### Problem to solve
Copy out every line of the records where the string "Photos" occurs.

(Data items)
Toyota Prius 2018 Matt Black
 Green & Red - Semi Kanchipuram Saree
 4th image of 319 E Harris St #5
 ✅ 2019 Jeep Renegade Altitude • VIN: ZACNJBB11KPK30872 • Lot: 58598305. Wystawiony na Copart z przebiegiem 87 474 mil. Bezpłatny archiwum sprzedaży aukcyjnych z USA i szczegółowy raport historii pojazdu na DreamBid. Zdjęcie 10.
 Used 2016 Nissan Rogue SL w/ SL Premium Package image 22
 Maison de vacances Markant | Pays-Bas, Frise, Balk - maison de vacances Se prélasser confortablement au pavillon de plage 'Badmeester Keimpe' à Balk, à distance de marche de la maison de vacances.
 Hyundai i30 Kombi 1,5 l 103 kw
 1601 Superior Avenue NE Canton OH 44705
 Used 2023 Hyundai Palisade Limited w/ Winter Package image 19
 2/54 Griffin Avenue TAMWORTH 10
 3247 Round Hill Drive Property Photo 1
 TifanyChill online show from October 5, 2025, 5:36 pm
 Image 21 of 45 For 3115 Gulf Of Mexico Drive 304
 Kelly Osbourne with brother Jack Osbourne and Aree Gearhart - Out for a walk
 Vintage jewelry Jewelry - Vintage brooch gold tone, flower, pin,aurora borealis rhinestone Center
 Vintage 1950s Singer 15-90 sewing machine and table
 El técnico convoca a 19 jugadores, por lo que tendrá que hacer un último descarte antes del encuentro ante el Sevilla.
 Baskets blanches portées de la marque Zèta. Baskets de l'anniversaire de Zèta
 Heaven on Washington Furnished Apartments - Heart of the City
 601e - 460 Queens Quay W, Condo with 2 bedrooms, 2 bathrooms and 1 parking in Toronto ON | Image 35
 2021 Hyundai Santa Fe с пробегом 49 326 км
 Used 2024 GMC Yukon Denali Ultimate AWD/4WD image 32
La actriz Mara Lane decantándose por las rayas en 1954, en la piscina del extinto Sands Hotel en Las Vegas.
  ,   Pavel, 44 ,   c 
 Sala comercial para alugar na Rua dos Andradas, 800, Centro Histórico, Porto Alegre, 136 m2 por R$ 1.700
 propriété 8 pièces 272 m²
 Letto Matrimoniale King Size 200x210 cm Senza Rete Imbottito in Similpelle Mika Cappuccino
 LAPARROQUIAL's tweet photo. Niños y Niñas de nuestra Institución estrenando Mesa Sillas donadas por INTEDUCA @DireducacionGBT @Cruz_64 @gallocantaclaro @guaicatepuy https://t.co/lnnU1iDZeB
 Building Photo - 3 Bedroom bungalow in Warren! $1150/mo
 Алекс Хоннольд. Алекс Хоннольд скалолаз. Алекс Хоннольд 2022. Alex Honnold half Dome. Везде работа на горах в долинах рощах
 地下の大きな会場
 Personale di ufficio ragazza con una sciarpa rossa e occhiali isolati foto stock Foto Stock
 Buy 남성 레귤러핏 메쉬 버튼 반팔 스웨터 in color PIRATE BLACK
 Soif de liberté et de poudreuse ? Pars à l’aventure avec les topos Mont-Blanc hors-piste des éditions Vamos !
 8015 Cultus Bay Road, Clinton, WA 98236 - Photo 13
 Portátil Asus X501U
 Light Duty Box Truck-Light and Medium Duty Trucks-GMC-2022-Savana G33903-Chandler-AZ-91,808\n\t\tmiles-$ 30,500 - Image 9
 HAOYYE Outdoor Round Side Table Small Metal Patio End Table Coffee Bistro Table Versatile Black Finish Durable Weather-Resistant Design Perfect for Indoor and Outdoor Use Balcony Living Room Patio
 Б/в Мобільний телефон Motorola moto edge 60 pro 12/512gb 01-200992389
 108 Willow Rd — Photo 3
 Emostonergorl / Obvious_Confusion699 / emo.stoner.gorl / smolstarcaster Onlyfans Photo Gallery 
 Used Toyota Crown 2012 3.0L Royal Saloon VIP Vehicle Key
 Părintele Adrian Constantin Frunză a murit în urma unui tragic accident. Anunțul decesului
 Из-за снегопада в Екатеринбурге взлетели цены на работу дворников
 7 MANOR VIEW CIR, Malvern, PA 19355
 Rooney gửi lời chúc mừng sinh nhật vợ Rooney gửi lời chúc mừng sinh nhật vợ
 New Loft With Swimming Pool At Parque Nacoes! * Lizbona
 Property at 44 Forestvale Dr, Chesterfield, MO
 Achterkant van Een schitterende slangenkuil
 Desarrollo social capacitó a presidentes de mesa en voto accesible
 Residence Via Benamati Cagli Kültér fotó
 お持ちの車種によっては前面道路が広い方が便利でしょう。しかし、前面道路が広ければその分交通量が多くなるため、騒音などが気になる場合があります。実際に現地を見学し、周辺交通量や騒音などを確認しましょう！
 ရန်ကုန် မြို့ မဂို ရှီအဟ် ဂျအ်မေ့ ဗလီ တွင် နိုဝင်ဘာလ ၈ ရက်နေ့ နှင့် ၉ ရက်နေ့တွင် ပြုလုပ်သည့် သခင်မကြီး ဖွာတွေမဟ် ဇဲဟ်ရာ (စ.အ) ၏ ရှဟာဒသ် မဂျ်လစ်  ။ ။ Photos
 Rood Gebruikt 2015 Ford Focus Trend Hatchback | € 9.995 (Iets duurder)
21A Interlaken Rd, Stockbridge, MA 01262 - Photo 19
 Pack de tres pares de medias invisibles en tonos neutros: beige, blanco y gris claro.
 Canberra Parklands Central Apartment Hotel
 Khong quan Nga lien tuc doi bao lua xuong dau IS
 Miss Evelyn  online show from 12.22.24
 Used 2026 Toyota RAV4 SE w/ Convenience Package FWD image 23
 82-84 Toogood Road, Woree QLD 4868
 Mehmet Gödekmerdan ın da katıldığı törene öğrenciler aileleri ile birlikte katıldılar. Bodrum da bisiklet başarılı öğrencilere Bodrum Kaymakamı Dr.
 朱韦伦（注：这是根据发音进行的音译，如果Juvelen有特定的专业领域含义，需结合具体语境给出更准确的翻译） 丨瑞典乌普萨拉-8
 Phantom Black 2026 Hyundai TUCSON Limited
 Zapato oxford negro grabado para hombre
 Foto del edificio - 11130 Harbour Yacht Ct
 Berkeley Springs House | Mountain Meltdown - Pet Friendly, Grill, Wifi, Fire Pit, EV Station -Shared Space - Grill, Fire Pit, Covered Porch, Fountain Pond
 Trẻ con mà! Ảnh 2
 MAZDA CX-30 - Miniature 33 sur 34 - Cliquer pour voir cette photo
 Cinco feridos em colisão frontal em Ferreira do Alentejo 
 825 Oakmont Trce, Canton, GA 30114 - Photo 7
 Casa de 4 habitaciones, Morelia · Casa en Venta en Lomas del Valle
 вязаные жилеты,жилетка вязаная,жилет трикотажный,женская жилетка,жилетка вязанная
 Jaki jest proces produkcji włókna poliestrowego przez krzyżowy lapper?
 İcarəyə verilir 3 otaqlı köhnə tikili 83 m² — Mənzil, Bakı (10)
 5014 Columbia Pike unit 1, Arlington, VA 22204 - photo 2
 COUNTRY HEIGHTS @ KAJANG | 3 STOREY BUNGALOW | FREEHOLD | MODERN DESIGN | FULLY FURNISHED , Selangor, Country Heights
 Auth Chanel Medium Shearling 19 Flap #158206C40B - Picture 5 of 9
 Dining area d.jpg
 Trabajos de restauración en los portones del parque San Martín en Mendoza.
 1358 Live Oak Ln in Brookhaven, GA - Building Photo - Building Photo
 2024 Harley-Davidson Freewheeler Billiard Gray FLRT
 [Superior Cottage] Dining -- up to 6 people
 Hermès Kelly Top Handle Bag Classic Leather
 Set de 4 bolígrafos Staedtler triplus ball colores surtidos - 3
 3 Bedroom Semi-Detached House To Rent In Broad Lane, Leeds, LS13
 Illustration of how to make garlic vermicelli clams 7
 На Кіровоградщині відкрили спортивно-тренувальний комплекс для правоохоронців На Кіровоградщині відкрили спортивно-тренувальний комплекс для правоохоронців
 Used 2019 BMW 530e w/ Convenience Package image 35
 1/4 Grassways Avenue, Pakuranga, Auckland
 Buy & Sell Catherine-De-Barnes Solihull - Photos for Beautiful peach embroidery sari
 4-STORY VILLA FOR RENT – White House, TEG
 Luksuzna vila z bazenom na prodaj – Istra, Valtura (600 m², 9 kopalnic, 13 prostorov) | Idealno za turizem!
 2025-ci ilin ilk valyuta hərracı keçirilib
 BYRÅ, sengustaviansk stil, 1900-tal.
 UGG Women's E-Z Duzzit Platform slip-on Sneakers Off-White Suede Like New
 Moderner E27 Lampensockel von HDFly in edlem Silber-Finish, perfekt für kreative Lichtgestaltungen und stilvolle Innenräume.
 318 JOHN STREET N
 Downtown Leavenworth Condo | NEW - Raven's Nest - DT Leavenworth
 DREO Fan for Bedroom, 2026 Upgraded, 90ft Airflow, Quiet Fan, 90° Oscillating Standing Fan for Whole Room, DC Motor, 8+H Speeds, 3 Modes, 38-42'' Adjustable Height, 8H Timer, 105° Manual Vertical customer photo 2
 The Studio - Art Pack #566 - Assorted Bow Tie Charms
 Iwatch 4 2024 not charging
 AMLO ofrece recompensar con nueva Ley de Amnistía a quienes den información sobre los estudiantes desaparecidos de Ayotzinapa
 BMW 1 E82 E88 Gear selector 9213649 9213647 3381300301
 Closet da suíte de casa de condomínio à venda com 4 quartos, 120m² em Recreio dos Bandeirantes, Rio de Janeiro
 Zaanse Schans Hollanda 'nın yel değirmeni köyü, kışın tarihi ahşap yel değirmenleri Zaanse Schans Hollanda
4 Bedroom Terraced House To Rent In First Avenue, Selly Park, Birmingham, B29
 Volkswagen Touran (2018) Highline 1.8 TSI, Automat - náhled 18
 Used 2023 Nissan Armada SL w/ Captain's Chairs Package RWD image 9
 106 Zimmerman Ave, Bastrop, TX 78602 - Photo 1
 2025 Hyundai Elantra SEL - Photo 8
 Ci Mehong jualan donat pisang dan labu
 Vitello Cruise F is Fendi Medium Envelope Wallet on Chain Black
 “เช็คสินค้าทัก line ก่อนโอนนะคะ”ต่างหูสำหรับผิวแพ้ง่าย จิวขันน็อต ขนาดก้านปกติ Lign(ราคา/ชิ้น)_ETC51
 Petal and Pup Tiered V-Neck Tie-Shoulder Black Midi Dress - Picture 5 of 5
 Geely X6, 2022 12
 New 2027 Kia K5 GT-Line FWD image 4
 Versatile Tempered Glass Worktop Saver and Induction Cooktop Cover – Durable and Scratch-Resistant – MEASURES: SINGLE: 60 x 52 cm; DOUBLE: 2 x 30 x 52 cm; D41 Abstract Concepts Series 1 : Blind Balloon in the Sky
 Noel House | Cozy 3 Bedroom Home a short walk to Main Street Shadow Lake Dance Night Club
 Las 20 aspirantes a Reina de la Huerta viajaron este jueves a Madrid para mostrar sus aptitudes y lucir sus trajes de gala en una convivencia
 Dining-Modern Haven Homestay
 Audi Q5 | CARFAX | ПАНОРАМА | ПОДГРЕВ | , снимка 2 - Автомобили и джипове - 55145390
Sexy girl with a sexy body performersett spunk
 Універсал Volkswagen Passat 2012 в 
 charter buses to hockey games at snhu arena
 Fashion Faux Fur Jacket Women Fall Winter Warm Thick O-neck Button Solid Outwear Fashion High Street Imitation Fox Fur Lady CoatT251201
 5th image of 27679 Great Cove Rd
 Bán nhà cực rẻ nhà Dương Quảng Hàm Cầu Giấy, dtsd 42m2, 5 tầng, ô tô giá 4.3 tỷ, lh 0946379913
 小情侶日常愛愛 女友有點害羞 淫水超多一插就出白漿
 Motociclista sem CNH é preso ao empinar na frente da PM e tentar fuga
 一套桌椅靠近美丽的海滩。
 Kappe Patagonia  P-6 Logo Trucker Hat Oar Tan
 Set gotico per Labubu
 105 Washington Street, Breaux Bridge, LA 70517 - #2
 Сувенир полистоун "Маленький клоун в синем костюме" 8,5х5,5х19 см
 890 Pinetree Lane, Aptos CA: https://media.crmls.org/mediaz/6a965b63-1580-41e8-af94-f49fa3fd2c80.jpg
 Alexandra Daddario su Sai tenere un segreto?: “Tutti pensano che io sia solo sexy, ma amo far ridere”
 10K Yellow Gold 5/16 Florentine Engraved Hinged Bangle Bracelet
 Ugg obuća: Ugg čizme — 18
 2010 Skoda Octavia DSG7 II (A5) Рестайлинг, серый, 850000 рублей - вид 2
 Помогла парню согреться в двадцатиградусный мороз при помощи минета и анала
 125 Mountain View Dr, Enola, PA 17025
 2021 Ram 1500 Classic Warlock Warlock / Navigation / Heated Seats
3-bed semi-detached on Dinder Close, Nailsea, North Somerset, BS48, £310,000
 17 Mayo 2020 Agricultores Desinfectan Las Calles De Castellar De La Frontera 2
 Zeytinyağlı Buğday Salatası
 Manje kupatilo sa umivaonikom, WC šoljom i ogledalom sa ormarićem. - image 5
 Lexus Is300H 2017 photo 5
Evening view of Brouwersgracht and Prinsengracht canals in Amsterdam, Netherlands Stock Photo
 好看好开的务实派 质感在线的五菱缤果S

### Your solution
 ရန်ကုန် မြို့ မဂို ရှီအဟ် ဂျအ်မေ့ ဗလီ တွင် နိုဝင်ဘာလ ၈ ရက်နေ့ နှင့် ၉ ရက်နေ့တွင် ပြုလုပ်သည့် သခင်မကြီး ဖွာတွေမဟ် ဇဲဟ်ရာ (စ.အ) ၏ ရှဟာဒသ် မဂျ်လစ်  ။ ။ Photos
 Buy & Sell Catherine-De-Barnes Solihull - Photos for Beautiful peach embroidery sari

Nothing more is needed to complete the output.